Electronic literary art group

Soulz at Zero (SAZ) was a lit group formed in 1994 by Jack Flack (Rob O'Hara) and The Stranger (Stephen Alba). SAZ released 25 monthly packs over a period of two years, beginning in September 1994 and ending in September 1996. The group took its name from a Souls at Zero poster Flack had in his bedroom at the time, with the trailing "s" in "Souls" changed to a "z". Soulz at Zero was so well known that their name was added to the "Elite Acronym List," which was used to separate "lamers" from "elite users."

In the 1990s, several ANSI art groups began including "lits" (electronic literary art) in their packs. Expanding on that idea, Soulz at Zero became the first dedicated online lit group. Each Soulz at Zero pack contained several original horror-themed poems and short stories. Each pack also contained an issue of "The Death Certificate," an original nonfiction magazine which included horror-related news, articles, book and movie reviews, and interviews. Soulz at Zero's innovation was the addition of ANSI artwork, color, and VGA graphics, although the focus of the group was focused on original fiction. The packs were designed to be viewed with an included viewer, which no longer runs on modern operating systems.

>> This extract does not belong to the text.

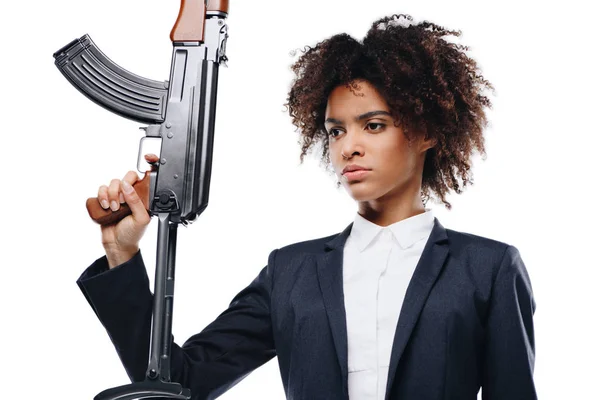Female killer with rifle — Stock Photo, Image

Soulz at Zero packs were distributed via BBS. Each month, readers could download new SAZ packs from either Where Shadows Wait (WHQ, run by The Stranger) or The Gas Chamber (US HQ, run by Jack Flack). As popularity of the group grew, so did its number of distribution sites. Before its demise, SAZ had member boards in over a dozen states and several countries including Canada and Portugal. With the introduction and growing popularity of the World Wide Web to the masses, Soulz at Zero slowly began to make the transition from the BBS world to the web. SAZ eventually added a web site and an FTP site to its official distribution points. In September 1996 Soulz at Zero released its last pack and disbanded, citing burnout and a general lack of public feedback/interest.

In 2002, online lit group Candelabra (CND) released a Soulz at Zero spotlight that included new work from former members of SAZ, along with audio (mp3) readings, audio commentaries, and an audio history of the group as told by Jack Flack and The Stranger. The audio history was reused in the Soulz at Zero episode of You Don't Know Flack.

== Packs ==
Each Soulz at Zero pack consisted of four types of original files: poetry, short stories, multimedia files, and the Death Certificate. Poems were usually non-rhyming, horror themed, and contained ANSI color. Short Stories were also horror related, but usually did not contain any ANSI color enhancements. Media Files included VGA pictures and occasionally WAV files. This was done as an attempt to win cross-over fans from the ANSI art. The Death Certificate was The Stranger's monthly non-fiction horror newsletter, which contained reviews and interviews.

== Members ==
Soulz at Zero was founded by Jack Flack and The Stranger, who formed a friendship in high school over their common interests in heavy metal music and horror books and movies.

Jack Flack (Rob O'Hara) was an original member of TBH405 (The Brotherhood of 405) and founded SiTH (Sick in the Head) e-zine. O'Hara has written articles for IGN, 2600: The Hacker Quarterly, the Cult of the Dead Cow, and contributed to the O'Reilly book Retro Gaming Hacks. Flack has self-published two books, Commodork: Sordid Tales from a BBS Junkie and Invading Spaces: A Beginner's Guide to Collecting Arcade Games. Flack blogs regularly at RobOHara.com.

The Stranger (Stephen Alba) has self-published several books through Lulu and is currently a second grade teacher at Northridge Elementary in the Putnam City School District.

The first of several SAZ packs consisted of only Jack Flack and The Stranger. The next two members to be added were Black Sunshine and Deranged.